A história de Todd, o homem de vendas estressadíssimo que sai de casa para comprar cigarros e pira bravo, é exagerada como a interpretação de Paul Giamatti. É bastante surreal, e assim difere muito do resto do filme.

Depois daquela experiência no bar de karaokê, Todd pega um carro e sai em disparada pelas estradas do país, com cara de doidão, de quem tomou um coquetel de várias drogas, respirando uma liberdade que não sabia que existia. Tipo de repente o caretão Tood Woods virou a dupla de motoqueiros de Sem Destino/Easy Rider, só que mais doidão que eles.

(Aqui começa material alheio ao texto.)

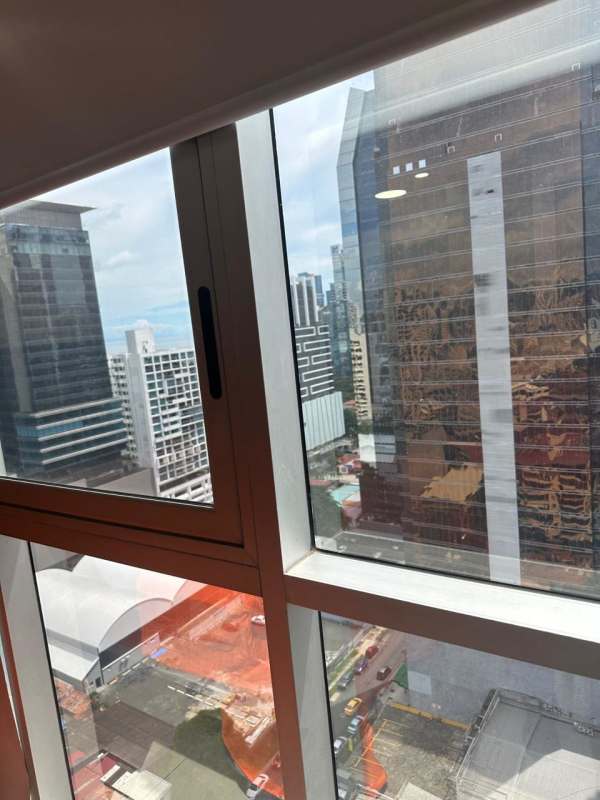 Modern living room with city view windows in PH Obarrio Tower apartment for sale Panama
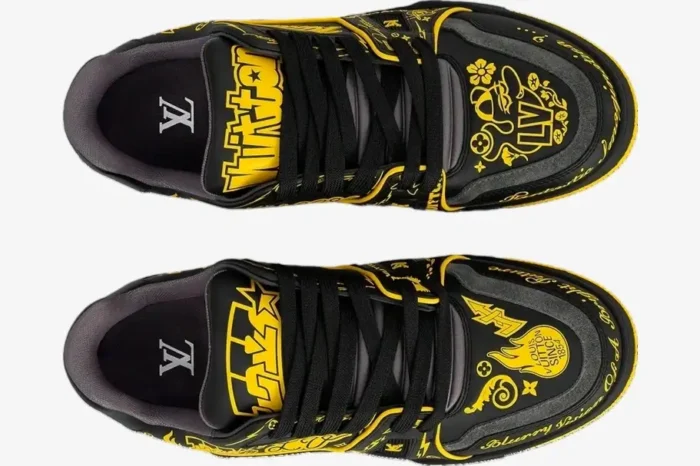 Top-down view of black and yellow Louis Vuitton LV Trainer sneakers with bold graffiti graphics. - SKU 1A9JTV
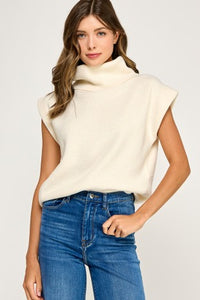beige sleeveless turtleneck sweater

No meio do deserto, dá carona para Reggie Kane (Andre Braugher) – um tipo que o espectador já havia visto, pouco antes, assaltando o motorista de caminhão que tinha dado carona a ele.

O homem de vendas que se cansou do Sistema e o ex-presidiário ladrão vão desenvolver uma parceria bem louca, que inclui um dueto arrasador de “Try a little tenderness” num bar de karaokê – e dois tiroteios.

Assim como a dupla pai & filha, a dupla doidão & ladrão vai se encaminhar para Omaha, em Nebraska, onde no sábado haverá um concurso de karaokê que paga US$ 5 mil para o vencedor.

Um rapaz idealista cruza na vida com uma gostosona hedonista

O terceiro encontro da história é entre um rapaz idealista, puro, altruísta, e uma moça hedonista que presta favores sexuais – sejam quais forem – a quem se dispuser a pagar alguma conta dela.

Primeiro o espectador fica conhecendo Billy (Scott Speedman). Billy divide a propriedade de um táxi com um conhecido, Ralph (Steve Oatway), em Cincinatti, Ohio. Atende ao chamado de uma delegacia de polícia – a corrida é para levar para casa uma mulher que acaba de ser solta da prisão. Billy a reconhece: chama-se Harriet (Marian Seldes), e ela também o reconhece. Havia sido professora dele, e até se lembrava de que ele pretendia ser padre.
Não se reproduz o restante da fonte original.